Réforme constitutionnelle

Au Sénégal, cette proposition de réforme inattendue a laissé sans voix la plupart des commentateurs. Macky Sall ne l’avait en effet jamais évoquée durant la campagne électorale, pas plus qu’il en a tracé les contours lors de ses récentes allocutions. Ni le 2 avril, à l’occasion de son investiture, ni le lendemain, lors de son adresse à la nation pour la fête nationale.

La suppression du poste de Premier ministre, qui aboutirait de facto à faire du président de la République le chef du gouvernement, est-elle l’indice d’une volonté de réformer en profondeur le régime sénégalais, afin de le faire évoluer vers un régime de type présidentiel ? Dans un tel scénario, les prérogatives respectives des pouvoirs exécutifs, législatif et judiciaire se trouveraient profondément remaniées.

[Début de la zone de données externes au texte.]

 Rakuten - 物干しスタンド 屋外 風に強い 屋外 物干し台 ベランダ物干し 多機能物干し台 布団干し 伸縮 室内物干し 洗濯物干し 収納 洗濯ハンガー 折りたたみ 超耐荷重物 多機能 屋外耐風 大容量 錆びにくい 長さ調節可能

Une telle réforme devrait être soumise au peuple sénégalais par référendum

« Macky Sall devra faire adopter une réforme constitutionnelle car la loi fondamentale définit dans plusieurs de ses articles le rôle du Premier ministre, analyse l’opposant Thierno Bocoum, de la coalition Idy2019, interrogé par Jeune Afrique. Il pourrait bien sûr le faire à travers un vote qualifié de l’Assemblée nationale. Mais sachant que cette réforme ne fait pas partie de ses promesses électorales, il serait souhaitable qu’il choisisse plutôt la voie du référendum. »

L’exécutif n’a, pour l’heure, donné aucune précision sur l’évolution de la relation entre le gouvernement et le pouvoir législatif qu’induirait la réforme envisagée. Actuellement, le Premier ministre est en effet responsable devant le Parlement. L’article 75 de la Constitution prévoit que « l’Assemblée nationale peut provoquer la démission du Gouvernement par le vote d’une motion de censure ».

« Si l’on devait changer totalement de régime pour aller vers un régime présidentiel, il serait nécessaire qu’un vrai débat ait lieu et que cette réforme soit soumise au peuple sénégalais par référendum », estime Thierno Bocoum.